Sonraki yıl Londra’ya yerleşerek metropol bir şehirde dünyanın her yerinden gerek çalışmak gerek öğrenci olarak gelmiş olan insanlarla tanışarak her birinin kültürünü tanıma şansına sahip olmuştum. Sadece eğitim aldığım kurslarda değil her yıl farklı bir ailede yaşamaya devam ettim bu da benim farklı aile kültürlerini görmemi sağladı. Üç yıl sonra MBA yapmaya karar verdim ve hayatımı oldukça olumlu yönde değiştiren bu karar bana eğitim anlamında çok şey kattı. İyi ki Londra’ya gitmiş, iyi ki MBA yapmışım, hayatımdaki en doğru kararlardan ikisi diyebilirim. Çocuk bakarak elde ettiğim kazancı eğitime dönüştürdükten sonra eğitim de bana bir sigorta şirketinde çalışma kapısı açmıştı. Derken 7 yıllık koca bir zaman diliminin sonunda dönme kararı alarak Türkiye’ye geri geldim ancak İngiltere’de geçidiyim yılları özlemle hatırlıyorum. Yemyeşil parkları, birlikte cafe de çalıştığım dünyanın her yerinden gelmiş Polonyalı, İtalyan, Fransız arkadaşlarımı, yanında yaşadığım aileleri, baktığım çocukları ve biriktirdiğim onca anıyı döndükten sonrada her gün hatırlıyorum ve gülümsüyorum.

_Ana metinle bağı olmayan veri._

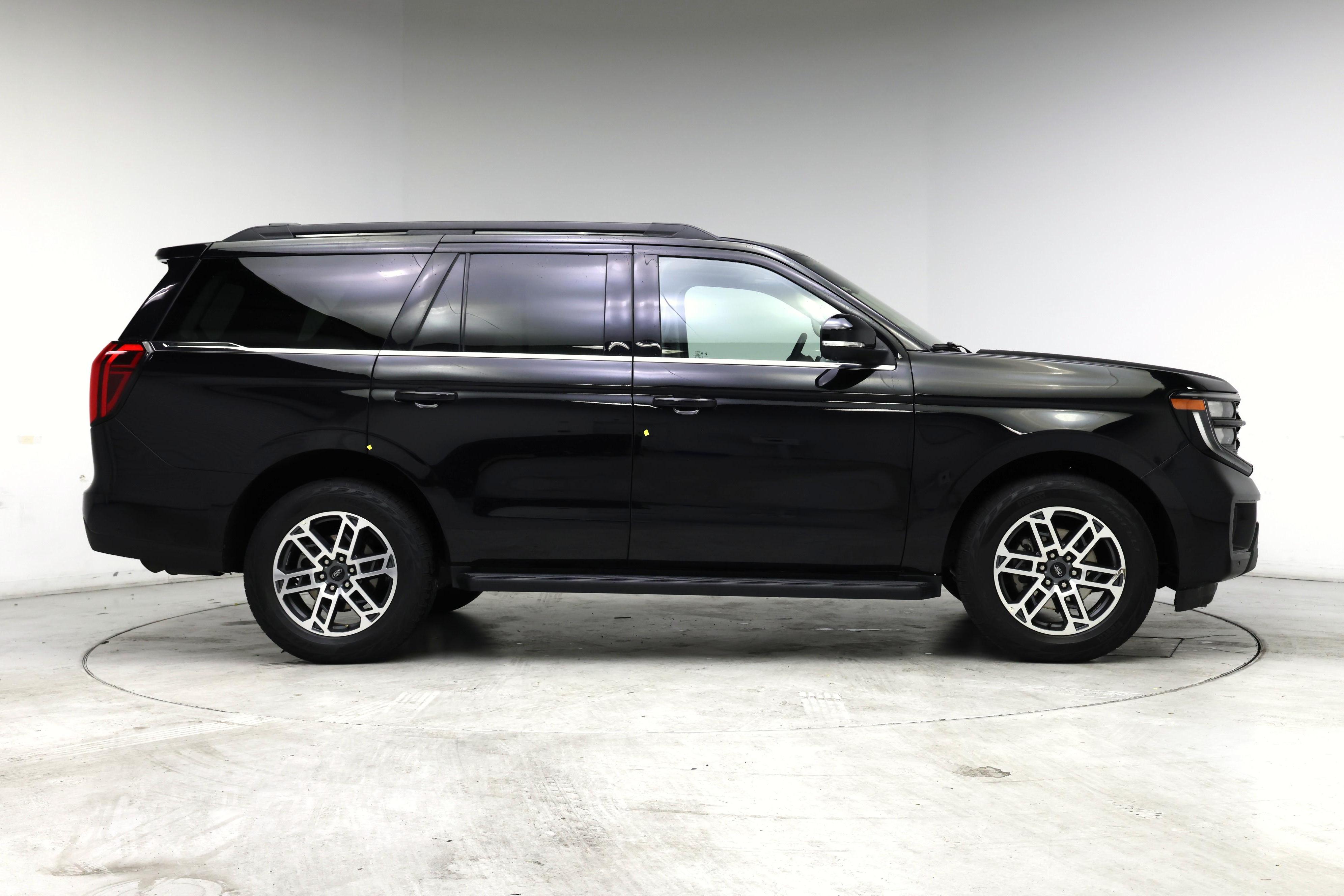 Thumbnail: 2025 Ford Expedition - 7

İngiltere’ye gitme kararı hayatımda aldığım en doğru kararlardan biriydi. Ancak İngiltere’ye Truva Eğitim Danışmanlığı aracılığı ile gitmek daha da büyük bir ayrıcalıktı. Her yaşadığım endişe ve problemde bana sonuna kadar destek veren, gönderdikten sonra dahi ilgisini eksik etmeyen ve hala görüşmeye devam ettiğim Fatma Hanım ve Truva ailesine hep teşekkürler ediyorum.